What this task involves - A word-for-word transcription of all the data is required.

Short descriptive text snippets
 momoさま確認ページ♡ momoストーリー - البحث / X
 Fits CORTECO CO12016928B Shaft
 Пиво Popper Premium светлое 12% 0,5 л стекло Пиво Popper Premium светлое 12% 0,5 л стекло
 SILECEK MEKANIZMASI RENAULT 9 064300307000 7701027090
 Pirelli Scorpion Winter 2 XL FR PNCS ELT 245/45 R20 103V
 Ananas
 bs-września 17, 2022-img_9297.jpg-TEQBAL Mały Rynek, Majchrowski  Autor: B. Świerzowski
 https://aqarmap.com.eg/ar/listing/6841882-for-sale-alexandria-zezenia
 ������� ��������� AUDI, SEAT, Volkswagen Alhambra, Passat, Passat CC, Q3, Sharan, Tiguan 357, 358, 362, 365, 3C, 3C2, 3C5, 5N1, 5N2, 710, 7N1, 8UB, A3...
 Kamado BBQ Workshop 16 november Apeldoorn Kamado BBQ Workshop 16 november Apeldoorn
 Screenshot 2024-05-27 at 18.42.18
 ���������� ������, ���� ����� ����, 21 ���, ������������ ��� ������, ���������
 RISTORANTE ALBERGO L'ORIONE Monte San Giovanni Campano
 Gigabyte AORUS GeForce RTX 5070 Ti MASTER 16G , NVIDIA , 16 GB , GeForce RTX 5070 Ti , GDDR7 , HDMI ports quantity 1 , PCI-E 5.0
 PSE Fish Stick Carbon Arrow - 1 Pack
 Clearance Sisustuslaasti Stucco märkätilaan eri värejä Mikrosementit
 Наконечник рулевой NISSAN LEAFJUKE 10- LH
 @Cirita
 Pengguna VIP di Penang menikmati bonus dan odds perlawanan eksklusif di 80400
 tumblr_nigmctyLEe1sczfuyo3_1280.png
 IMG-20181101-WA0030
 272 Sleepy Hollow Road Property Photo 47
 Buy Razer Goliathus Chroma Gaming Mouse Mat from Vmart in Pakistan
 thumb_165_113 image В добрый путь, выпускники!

Answer for the task -
 momoさま確認ページ♡ momoストーリー - البحث / X
 Fits CORTECO CO12016928B Shaft
 Пиво Popper Premium светлое 12% 0,5 л стекло Пиво Popper Premium светлое 12% 0,5 л стекло
 SILECEK MEKANIZMASI RENAULT 9 064300307000 7701027090
 Pirelli Scorpion Winter 2 XL FR PNCS ELT 245/45 R20 103V
 Ananas
 bs-września 17, 2022-img_9297.jpg-TEQBAL Mały Rynek, Majchrowski  Autor: B. Świerzowski
 https://aqarmap.com.eg/ar/listing/6841882-for-sale-alexandria-zezenia
 ������� ��������� AUDI, SEAT, Volkswagen Alhambra, Passat, Passat CC, Q3, Sharan, Tiguan 357, 358, 362, 365, 3C, 3C2, 3C5, 5N1, 5N2, 710, 7N1, 8UB, A3...
 Kamado BBQ Workshop 16 november Apeldoorn Kamado BBQ Workshop 16 november Apeldoorn
 Screenshot 2024-05-27 at 18.42.18
 ���������� ������, ���� ����� ����, 21 ���, ������������ ��� ������, ���������
 RISTORANTE ALBERGO L'ORIONE Monte San Giovanni Campano
 Gigabyte AORUS GeForce RTX 5070 Ti MASTER 16G , NVIDIA , 16 GB , GeForce RTX 5070 Ti , GDDR7 , HDMI ports quantity 1 , PCI-E 5.0
 PSE Fish Stick Carbon Arrow - 1 Pack
 Clearance Sisustuslaasti Stucco märkätilaan eri värejä Mikrosementit
 Наконечник рулевой NISSAN LEAFJUKE 10- LH
 @Cirita
 Pengguna VIP di Penang menikmati bonus dan odds perlawanan eksklusif di 80400
 tumblr_nigmctyLEe1sczfuyo3_1280.png
 IMG-20181101-WA0030
 272 Sleepy Hollow Road Property Photo 47
 Buy Razer Goliathus Chroma Gaming Mouse Mat from Vmart in Pakistan
 thumb_165_113 image В добрый путь, выпускники!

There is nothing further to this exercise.